Take the line that holds "Lionel Hampton There" and every line after it to the end of the entries, and repeat them exactly without the pictures.

== == ==

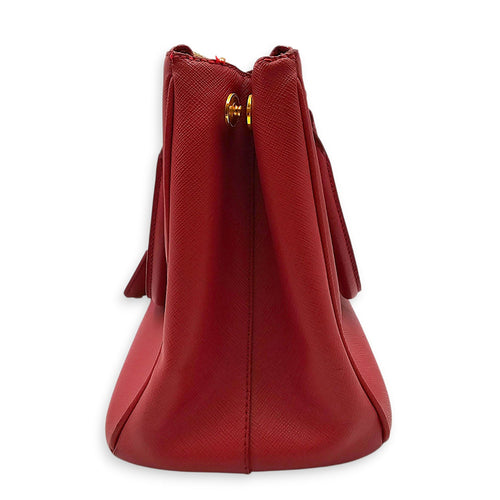 Galleria Tote Red Shoulder Bag in Saffiano Leather CL2605-21266 4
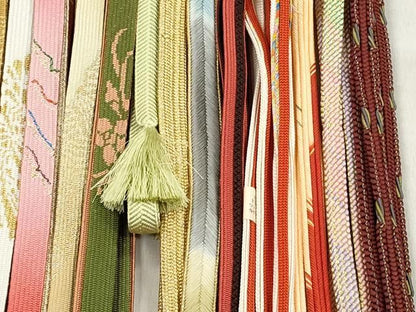 平和屋着物●和装小物　帯締め20本セット　高麗組　笹浪組　鴨川組　大和組　礼装用　金糸　逸品　CABL9328qe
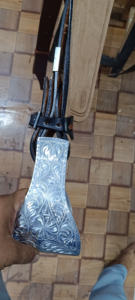 Selle de cheval de course occidentale anglaise de haute qualité en cuir véritable premium, faite à la main, durable, confortable, avec éléments en bois/plastique - Product Image 4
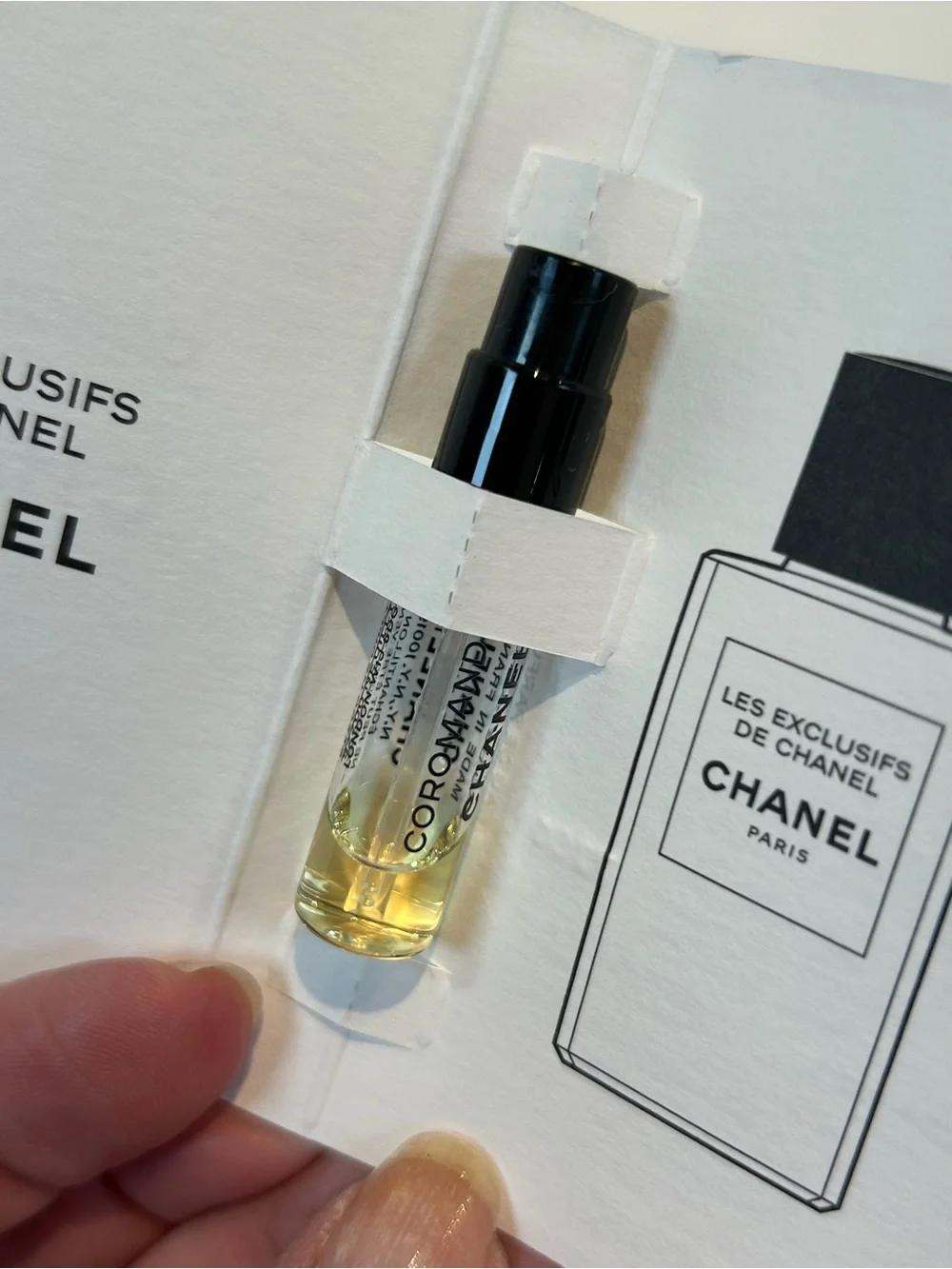 CHANEL lot of 6 Les Exclusifs Fragrance Samples - Coromandel, Beige, Jersey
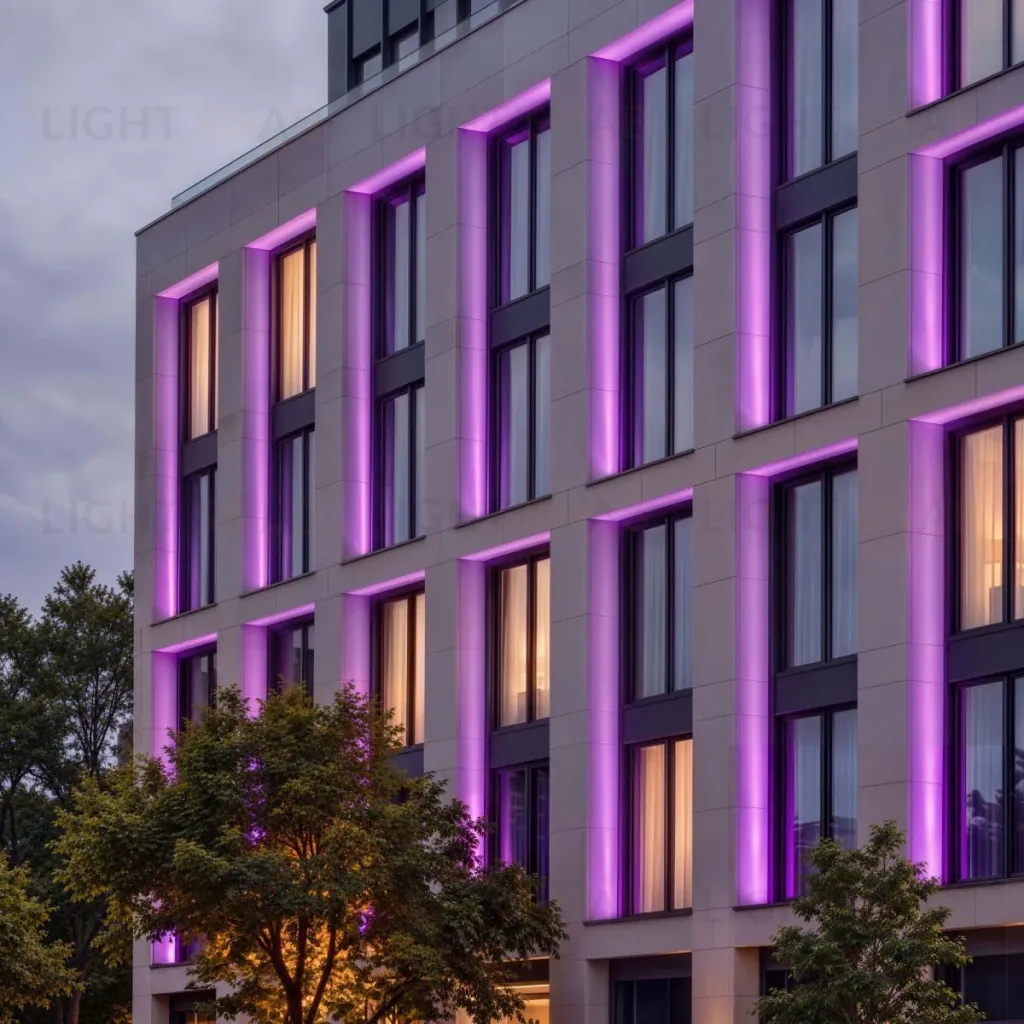 Светильник для контурной подсветки оконных проемов Arlight LGD-STRIPE-5.5W Day4000 (Серый, 5x350 deg, 230V) (IP65 Металл) 064560 064560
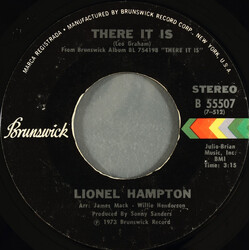 Lionel Hampton There It Is USED VINYL 7INCH 45 RPM SINGLE STYRENE STEREO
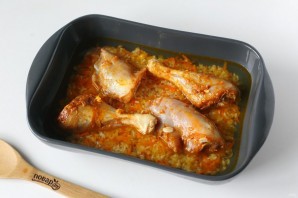 Курица на рисовой подушке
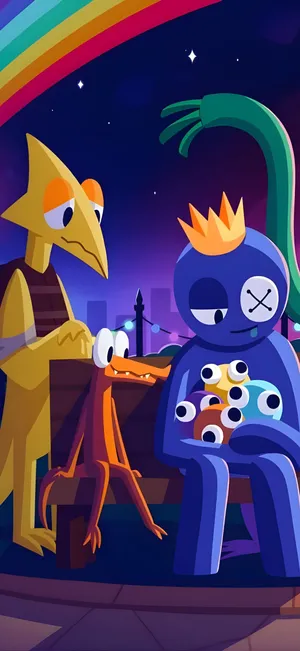 Rainbow Friends Iphone Wallpaper Wallpaper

== == ==

Your response:
 Lionel Hampton There It Is USED VINYL 7INCH 45 RPM SINGLE STYRENE STEREO
 Курица на рисовой подушке
 Rainbow Friends Iphone Wallpaper Wallpaper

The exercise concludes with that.